Review: Satan Destroyer – Utter Kaos and the Eclipsed Moon

Review: Satan Destroyer – Utter Kaos and the Eclipsed Moon

Satan Destroyer is a name that should be familiar to anyone who keeps an ear to the underground when it comes to unblack metal. Most often associated with the bestial black metal style, Satan Destroyer has been pounding out some seriously aggressive sounds since the band’s first demo, Into the Shadows of the Abyss, back in 2017. Lord Enochiam, the band’s chief driving force and core member, is no stranger to the underground either; he’s also in Casm and Behead Lucifer, and formerly played with underground acts like Blodfält and Mirha.

Satan Destroyer’s newest album has been on my radar for some time now, and it’s about time I got to it. I have to admit, Utter Chaos and the Eclipsed Moon has really taken me by surprise, and in a good way. 

If you’ve been privy to the band’s sound on previous albums, you might find yourself in for a surprise with this one. Though Satan Destroyer has always blended its war/bestial black style with a very raw production style, this one emphasizes raw over brutal. The overall sound is icy and skeletal, the guitars like sheets of freezing rain, the vocals indecipherable howls that sound more like chaotic noise than actual words. In short, this is fantastic stuff.

The first album with an actual drummer, Pathos of Elgibbor/Symphony of Heaven/Virtue of Decay fame brings new life to the band; rather than hyperactive blasting, we get frantic yet mid-paced drumming that allows the rest of the instruments to attempt to breathe in all the frigid atmosphere. Guitars on here are as brittle as can be, caustic and sharp – something one doesn’t normally associate with a bestial/war style of black metal (which usually leans more towards a death metal heaviness). In fact, I’d say that outside of the deep roared vocals and driven song pacing, this album has little in common with war/bestial black metal at all. Instead, Utter Chaos and the Eclipsed Moon opts for an incredibly traditional-sounding black metal atmosphere and tone here, blending the lacerating guitar tones of Horna, Verdelger and early Mayhem with the aggression of late ’90’s Gorgoroth. 

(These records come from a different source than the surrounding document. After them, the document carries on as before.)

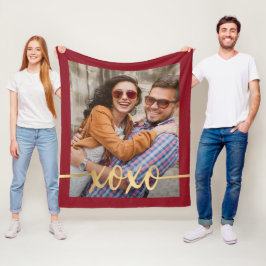 Modern Guld XOXO Alla hjärtans dagfoto Fleecefilt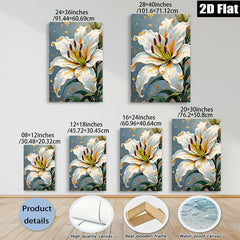 2D flat 1pc White Lily Bloom Floral Wall Art Canvas Prints for Living Room Bedroom Home Decor Farmhouse Style Modern Artwork Gallery Wrapped Ready to Hang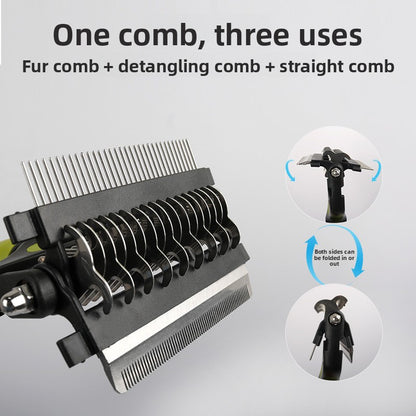 Pet Comb Three-in-One Detangling Grooming Tool for Dogs and Cats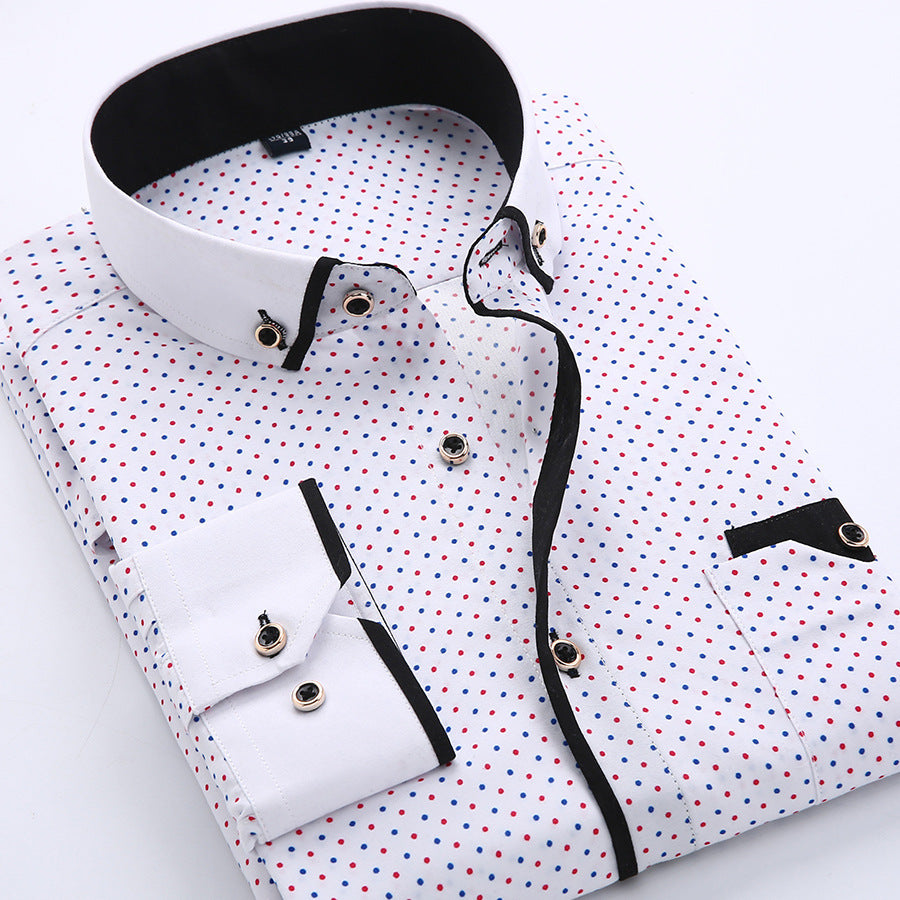 Chemise homme coton motif pois style décontracté moderne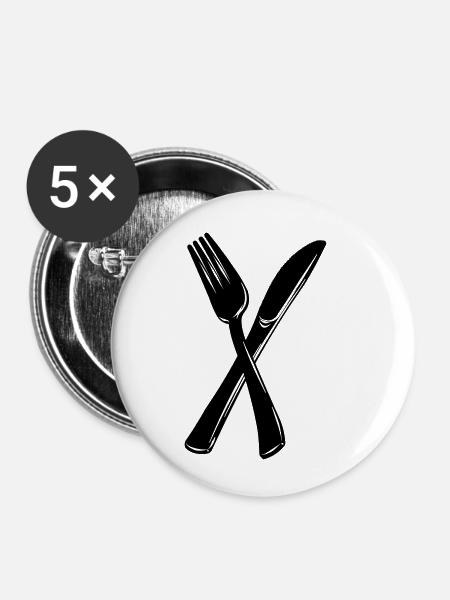 Messer und Gabel - Buttons klein 25 mm (5er Pack) - Weiß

“Gorgoroth Pt. II” is a highlight track, seeming like a distorted mutation of Mayhem’s classic “Freezing Moon,” twisting familiar riffs and patterns of that song into new life; that said, the entire album is solid from beginning to end.  Only lyrically do I find it all a bit par-for-the-course in a way. Most of the content here focuses on the themes found in Revelation: the Last Judgment, the fate of Satan and his angels, spiritual war, and end times events. It’s not the themes that leave me feeling a bit ho-hum, obviously, but the way it’s all presented. Sometimes I just really want to see an artist engage with the themes and content of the Scriptures rather than simply paraphrase them, if that makes sense.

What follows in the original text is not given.